Taktische Spielchen und ein Käufer

Bei der zweiten Anhörung, ob „Tagesspiegel“-Verleger Holtzbrinck die „Berliner Zeitung“ kaufen dürfen soll,legte der Hamburger Verleger Heinz Bauer nach – und präsentierte sich als weißer Ritter von eher trauriger Gestalt

aus Berlin STEFFEN GRIMBERG

Heinz Bauer ist ein zurückhaltender Mensch. Auftritte in der Öffentlichkeit liegen ihm nicht. Bei der Gala zur „Goldenen Feder“, dem Medienpreis seiner Verlagsgruppe, übernimmt Frau Gudrun den Hauptpart. Da war es durchaus stimmig, dass er sich gestern nicht wie all die anderen Konzernherren und ihre Anwälte zum Rednerpult vorkämpfte, sondern bescheiden aus der fünften Reihe des Hörsaals im Wirtschaftsministerium sprach.

Heinz Bauer fasste sich kurz, obwohl ihm der Ablaufplan der zweiten Anhörung zum „Ministererlaubnisverfahren Holtzbrinck/Berliner Verlag“ volle 45 Minuten Redezeit zumaß. Schließlich geht es um die Frage, ob der Holtzbrinck-Konzern, der in Berlin bereits den Tagesspiegel besitzt, trotz Kartellamtsverbots mit einer solchen Sondergenehmigung durch den Wirtschaftsminister doch noch die Berliner Zeitung übernehmen darf. Dem Hamburger Bauer Verlag, Marktführer im Segment der Programm- und Publikumszeitschriften, kommt hier eine Schlüsselrolle zu: Denn während Holtzbrinck argumentiert, der defizitäre Tagesspiegel sei trotz des von Wolfgang Clement (SPD) veranlassten Verkaufsverfahrens unverkäuflich und müsse daher ohne Ministererlaubnis dichtmachen, will einer kaufen: Heinz Bauer.

Zwanzig Millionen Euro will er für das Blatt bieten, es mindestens sieben Jahre lang im umkämpften Berliner Pressemarkt erhalten und widrigenfalls 10 Millionen Euro Vertragsstrafe zahlen.
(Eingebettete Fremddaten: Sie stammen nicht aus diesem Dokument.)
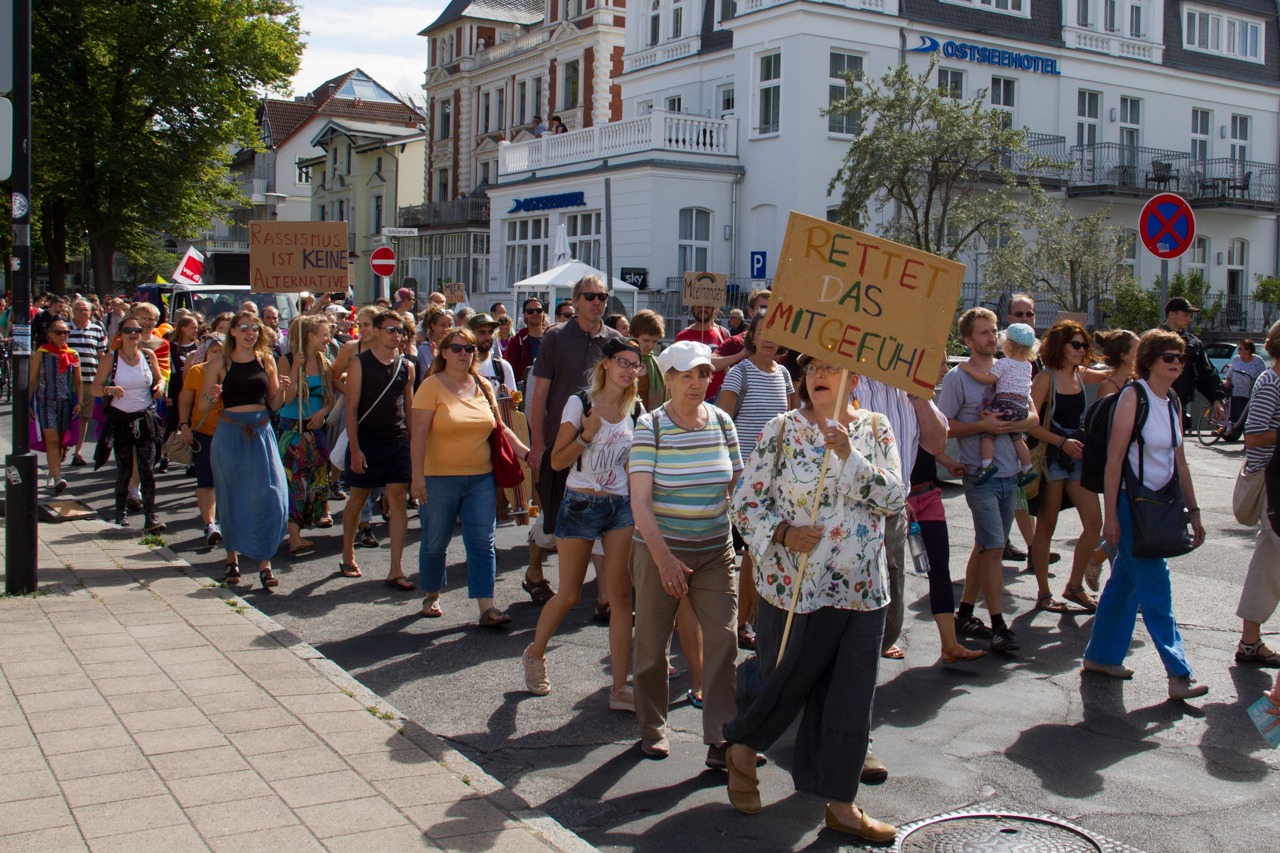 Rostock-Für-Alle-Demo zieht zur Warnemünder Promenade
Diese Eckdaten waren schon vorher bekannt und von der Holtzbrinck-Seite allgemein als „unseriös“ geziehen worden: Kurz vor Ende des Verfahrens sei dieses „völlig unplausible“ Angebot wie „eine Bombe“ gezündet worden. Und das auch noch im Interesse Dritter, insinuierte Holtzbrinck-Anwalt Rainer Bechtold und meinte die Axel Springer AG, die bei einer Fusion der Verlage von Tagesspiegel und Berliner Zeitung um ihre Blätter Welt und Morgenpost fürchtet. Das Ganze also ein Ablenkungsmanöver?

Bauer ließ sich nicht provozieren, blieb aber farblos und unkonkret: Der Tagesspiegel habe das Potenzial „als führende Zeitung der Hauptstadt“, und dies „macht es sinnvoll, die zunächst anfallenden Verluste in Kauf zu nehmen“, so Bauer. Er sei jedenfalls überzeugt, dass das Blatt, „salopp gesagt, langsam ins Geld wachsen wird“. Auch die von Holtzbrinck für den Tagesspiegel vorgesehene Stiftung könne er sich vorstellen zu übernehmen, samt 20 Jahre währender Garantie für die Unabhängigkeit des Blattes. Letzteres hört sich prima an, macht aber keinen Sinn. Denn die Stiftung soll die Eigenständigkeit des Tagesspiegels im Verlagsverbund mit der Berliner Zeitung sichern. Dieses Problem wäre bei einem Deal mit Bauer schlicht passé.

Dass er hier im Interesse Dritter stehe, wollte Bauer auf Nachfrage Clements dann doch nicht auf sich sitzen lassen: „Wieso sollte ich für andere ein derartiges Risiko eingehen?“, fragte er indigniert zurück – und erhöhte später sogar die Bestandsgarantie für den Tagesspiegel auf mindestens 10 Jahre. Da hatte der wieder einmal indirekt angesprochene Springer-Konzern längst Schützenhilfe geleistet: Das eigentliche Problem sei doch, dass Holtzbrinck weder ernsthaft verkaufen noch den Tagesspiegel wirklich einstellen wolle. Das Ganze sei eben Budenzauber, um doch noch an die Ministerlaubnis zu kommen, führten gleich zwei Anwälte wortreich aus.

Clement wurde das schließlich zu bunt: Er bat um Beendigung der taktischen Spielchen. Und Holtzbrinck um die Beantwortung einer konkreten Frage: Sei man bereit, für 20 Millionen zu verkaufen? Statt einer Antwort gab es 15 Minuten Auszeit. Und danach nur nochmals die lapidare Ansage, man wolle sich „jetzt nicht dazu äußern“. Für Clement ist die „Beweisaufnahme“ abgeschlossen. Er wird sich äußern. Bis Ende des Monats.